***** EXERCISE INPUTS

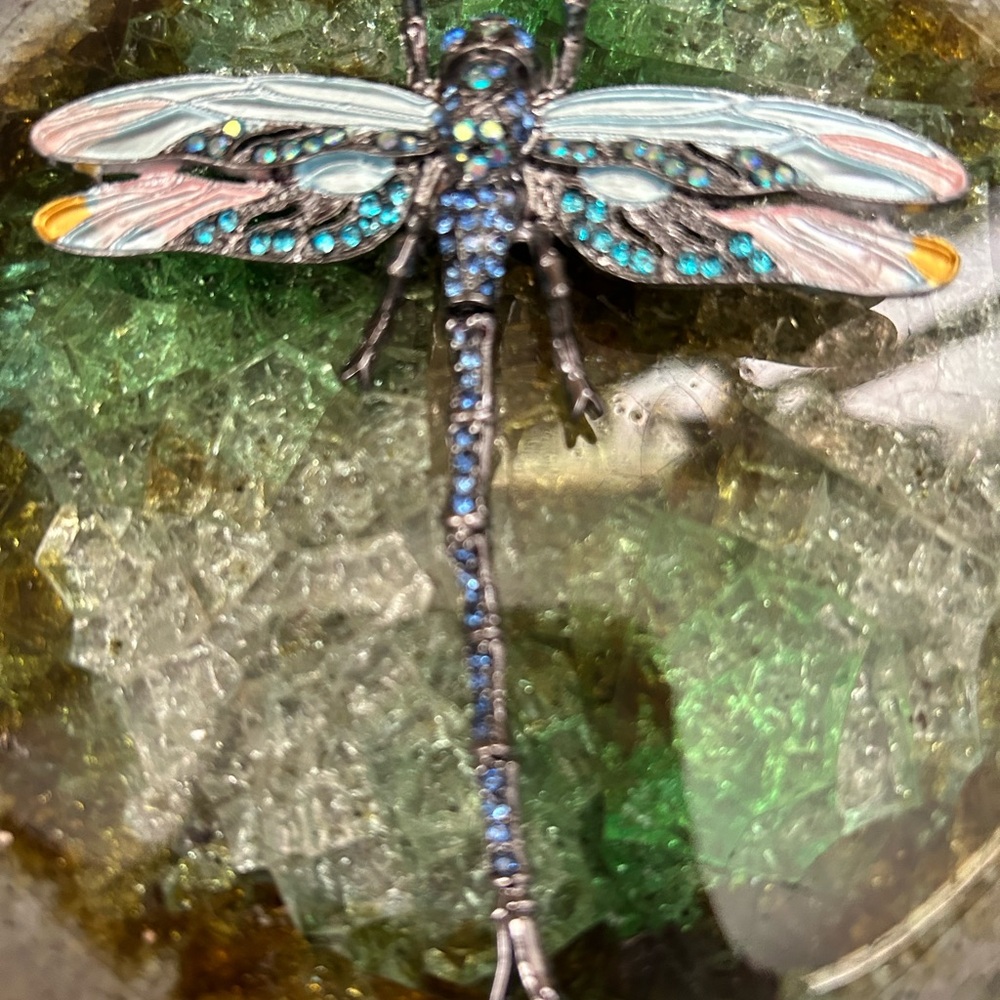Colorful Dragonfly Brooch & pendant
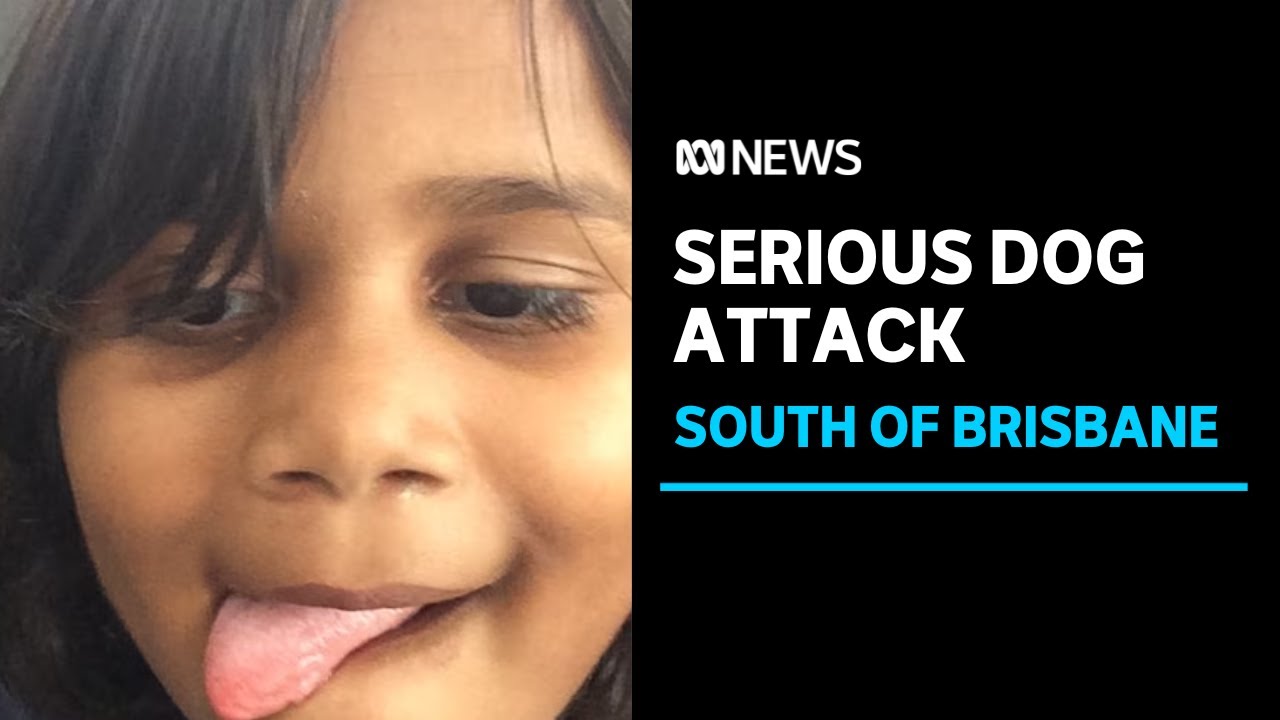 Young girl in serious condition after dog attack south of Brisbane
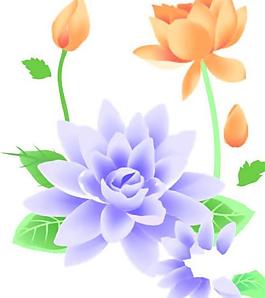 花紋圖片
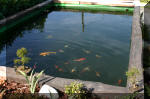 Le Ko� le sp�cialiste en ko� et bassin de jardin de Luttre suite  4 
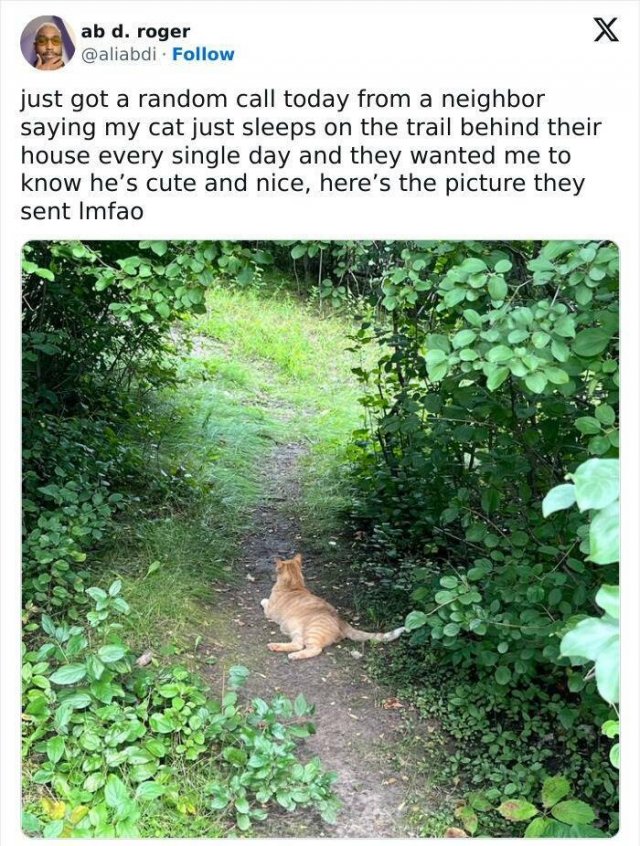 Cool Neighbors (24 pics)
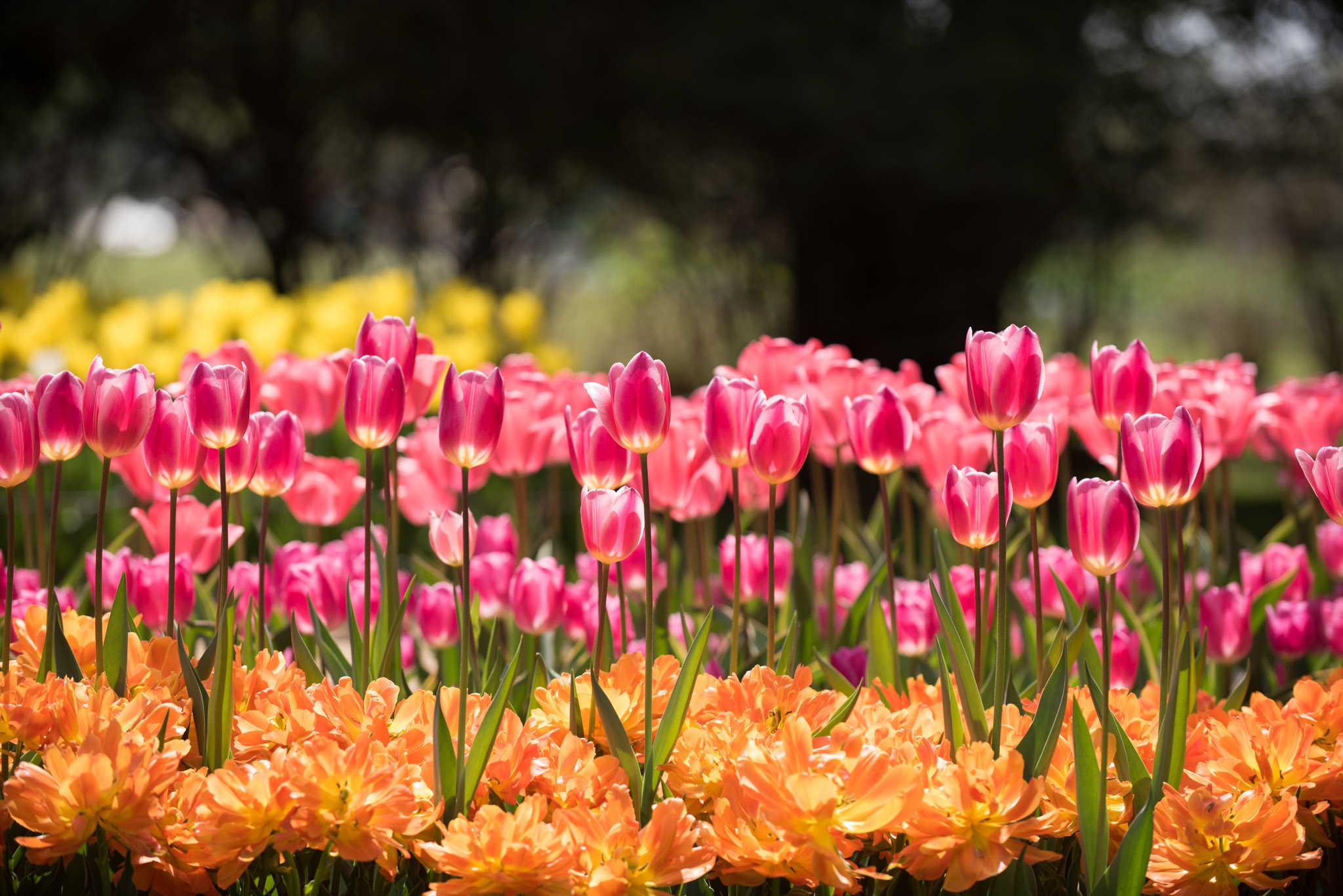 Descarga gratuita de fondo de pantalla para móvil de Naturaleza, Flores, Flor, Flor Rosa, Tulipán, Tierra/naturaleza, Profundidad De Campo.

**********

● TASK BRIEF: Verbatim output of the entries is required, with each image left out.

● WRITTEN SOLUTION:
Colorful Dragonfly Brooch & pendant
 Young girl in serious condition after dog attack south of Brisbane
 花紋圖片
 Le Ko� le sp�cialiste en ko� et bassin de jardin de Luttre suite  4 
 Cool Neighbors (24 pics)
 Descarga gratuita de fondo de pantalla para móvil de Naturaleza, Flores, Flor, Flor Rosa, Tulipán, Tierra/naturaleza, Profundidad De Campo.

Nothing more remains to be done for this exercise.